Perry Wharrie, 53, received a 30-year prison sentence for his part in the bungled smuggling of €440m worth of cocaine at Dunlough Bay, Mizen Head, Co Cork on 2 July, 2007.
Judge Mr Justice John MacMenamin, sitting with Mr Justice Eamon deValera and Mr Justice Brian McGovern, today dismissed Wharrie's appeal against conviction.
Mr Justice MacMenamin said the court was satisfied to "reject each point on the appeal against conviction".
Wharrie, from Loughton in Essex, was unanimously found guilty in July 2008 by a Cork Circuit Criminal Court jury over the course of a trial that lasted 42 days.
He had denied the charges.
His two co-accused received lengthy prison sentences for the possession of drugs for sale or supply.
Wharrie appealed his conviction and sentence.
Lawyers acting on his behalf claimed his conviction was unsafe and should be set aside. The DPP had opposed the appeal.
His appeal against his sentence will be heard at a later date. Wharrie was not present in court for today's ruling.
Wharrie's lawyers raised a number of grounds in his appeal, including a submission that a Sunday World article by columnist Amanda Brunker published during the trial "interfered" with Wharrie's defence.
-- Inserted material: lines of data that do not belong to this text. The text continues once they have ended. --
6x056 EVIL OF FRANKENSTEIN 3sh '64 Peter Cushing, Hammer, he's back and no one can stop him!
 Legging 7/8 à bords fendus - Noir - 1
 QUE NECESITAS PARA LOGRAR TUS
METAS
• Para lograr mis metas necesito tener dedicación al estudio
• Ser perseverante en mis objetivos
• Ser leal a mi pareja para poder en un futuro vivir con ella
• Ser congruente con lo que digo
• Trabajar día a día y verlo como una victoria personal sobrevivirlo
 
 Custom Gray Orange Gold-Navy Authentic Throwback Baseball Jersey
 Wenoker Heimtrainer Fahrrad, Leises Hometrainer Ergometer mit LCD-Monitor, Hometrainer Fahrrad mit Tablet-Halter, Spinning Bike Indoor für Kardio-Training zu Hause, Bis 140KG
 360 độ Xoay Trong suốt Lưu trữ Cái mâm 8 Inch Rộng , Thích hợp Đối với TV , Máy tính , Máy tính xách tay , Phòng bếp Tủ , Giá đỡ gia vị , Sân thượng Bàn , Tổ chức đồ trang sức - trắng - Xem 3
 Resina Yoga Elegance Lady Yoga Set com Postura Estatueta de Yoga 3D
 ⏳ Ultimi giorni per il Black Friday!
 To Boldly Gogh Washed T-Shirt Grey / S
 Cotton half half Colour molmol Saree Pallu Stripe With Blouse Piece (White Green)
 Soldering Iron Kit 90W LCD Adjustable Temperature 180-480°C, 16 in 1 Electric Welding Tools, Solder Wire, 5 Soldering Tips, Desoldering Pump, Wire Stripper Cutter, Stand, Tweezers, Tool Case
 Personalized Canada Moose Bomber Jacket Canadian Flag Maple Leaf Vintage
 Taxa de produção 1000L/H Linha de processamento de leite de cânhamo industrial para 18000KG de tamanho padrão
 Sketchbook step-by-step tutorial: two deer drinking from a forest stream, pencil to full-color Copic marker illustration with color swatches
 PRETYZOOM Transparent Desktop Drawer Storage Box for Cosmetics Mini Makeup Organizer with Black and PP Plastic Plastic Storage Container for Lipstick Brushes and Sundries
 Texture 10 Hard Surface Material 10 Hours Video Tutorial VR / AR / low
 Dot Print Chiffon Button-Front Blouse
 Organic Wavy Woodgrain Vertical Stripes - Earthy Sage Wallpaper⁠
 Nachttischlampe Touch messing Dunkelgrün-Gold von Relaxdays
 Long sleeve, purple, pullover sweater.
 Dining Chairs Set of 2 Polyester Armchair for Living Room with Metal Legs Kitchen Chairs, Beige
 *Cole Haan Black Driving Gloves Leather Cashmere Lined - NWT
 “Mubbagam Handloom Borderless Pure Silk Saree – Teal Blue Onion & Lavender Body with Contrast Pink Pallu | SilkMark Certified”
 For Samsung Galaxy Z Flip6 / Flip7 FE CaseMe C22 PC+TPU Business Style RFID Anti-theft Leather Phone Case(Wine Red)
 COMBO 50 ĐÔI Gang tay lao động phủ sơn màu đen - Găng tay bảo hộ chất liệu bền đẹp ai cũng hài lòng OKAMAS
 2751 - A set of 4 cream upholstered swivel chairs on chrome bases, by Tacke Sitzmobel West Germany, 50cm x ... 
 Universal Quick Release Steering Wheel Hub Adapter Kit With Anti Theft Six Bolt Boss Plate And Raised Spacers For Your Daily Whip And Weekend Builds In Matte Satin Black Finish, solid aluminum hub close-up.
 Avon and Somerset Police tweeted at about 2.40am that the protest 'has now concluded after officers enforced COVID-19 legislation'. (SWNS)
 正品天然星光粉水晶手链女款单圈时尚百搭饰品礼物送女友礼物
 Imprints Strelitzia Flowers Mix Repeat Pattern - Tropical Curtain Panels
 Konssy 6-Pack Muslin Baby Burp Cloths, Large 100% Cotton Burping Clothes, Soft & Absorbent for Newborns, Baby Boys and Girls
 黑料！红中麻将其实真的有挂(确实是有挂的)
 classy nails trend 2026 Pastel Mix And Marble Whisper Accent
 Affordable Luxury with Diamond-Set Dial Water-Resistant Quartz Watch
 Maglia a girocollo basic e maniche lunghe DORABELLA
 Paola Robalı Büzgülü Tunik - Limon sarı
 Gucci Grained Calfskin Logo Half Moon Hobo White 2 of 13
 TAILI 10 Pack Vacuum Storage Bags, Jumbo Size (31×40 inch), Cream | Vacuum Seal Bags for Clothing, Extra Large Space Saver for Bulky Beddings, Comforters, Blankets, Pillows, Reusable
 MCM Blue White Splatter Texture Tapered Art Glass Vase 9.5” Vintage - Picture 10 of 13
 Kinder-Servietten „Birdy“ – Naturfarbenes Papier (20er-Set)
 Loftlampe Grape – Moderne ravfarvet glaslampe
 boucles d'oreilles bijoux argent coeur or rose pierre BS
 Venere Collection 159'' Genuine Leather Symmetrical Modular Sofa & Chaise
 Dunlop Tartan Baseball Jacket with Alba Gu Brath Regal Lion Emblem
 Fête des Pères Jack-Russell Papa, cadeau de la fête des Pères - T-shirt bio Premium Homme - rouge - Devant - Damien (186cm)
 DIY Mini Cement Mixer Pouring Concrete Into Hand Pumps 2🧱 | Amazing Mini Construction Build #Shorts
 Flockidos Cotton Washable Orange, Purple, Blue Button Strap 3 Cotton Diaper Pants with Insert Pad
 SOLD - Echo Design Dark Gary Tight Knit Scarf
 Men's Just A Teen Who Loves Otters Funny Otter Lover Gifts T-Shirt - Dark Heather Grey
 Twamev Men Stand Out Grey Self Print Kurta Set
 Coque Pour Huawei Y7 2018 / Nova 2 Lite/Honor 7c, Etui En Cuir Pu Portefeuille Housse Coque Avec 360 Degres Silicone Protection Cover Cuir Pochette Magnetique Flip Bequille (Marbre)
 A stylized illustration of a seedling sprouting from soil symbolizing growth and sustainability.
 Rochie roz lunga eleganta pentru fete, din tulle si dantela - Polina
Other grounds included that inaccurate material was put before a peace commissioner asked to issue a search warrant in the case, that the trial judge had erred in his charge to the jury on what constitutes possession, and whether certain CCTV footage should have been replayed to the jury.
The State had opposed the appeal and argued that the conviction was safe and should not be disturbed.
Wharrie and his co-accused were arrested by gardaí after their rigid inflatable boat carrying 1.5 tonnes of cocaine got into difficulties off the southwest coast after one of its petrol engines was filled with diesel.
This caused the craft to flounder and sink in unseasonably rough July seas.
The cocaine had been transferred to their boat from a Catamaran after a rendezvous 30 miles out to sea.
Lifeboat crews who came to the aid of the sinking boat found one of Wharrie's co-accused floating in the sea encircled by 65 bales of cocaine.
There was evidence at the trial that customs officials who went to Dunlough Bay came across Wharrie and Daly making their way up from the cliffs. Both men were arrested two days later.